■ Input material
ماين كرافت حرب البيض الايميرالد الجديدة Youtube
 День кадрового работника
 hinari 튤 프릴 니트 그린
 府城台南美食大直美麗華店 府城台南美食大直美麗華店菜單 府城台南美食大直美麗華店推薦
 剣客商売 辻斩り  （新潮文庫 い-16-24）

■ What you have to do
Exact copy required. Repeat the material above in full.

■ Result for this exercise
ماين كرافت حرب البيض الايميرالد الجديدة Youtube
 День кадрового работника
 hinari 튤 프릴 니트 그린
 府城台南美食大直美麗華店 府城台南美食大直美麗華店菜單 府城台南美食大直美麗華店推薦
 剣客商売 辻斩り  （新潮文庫 い-16-24）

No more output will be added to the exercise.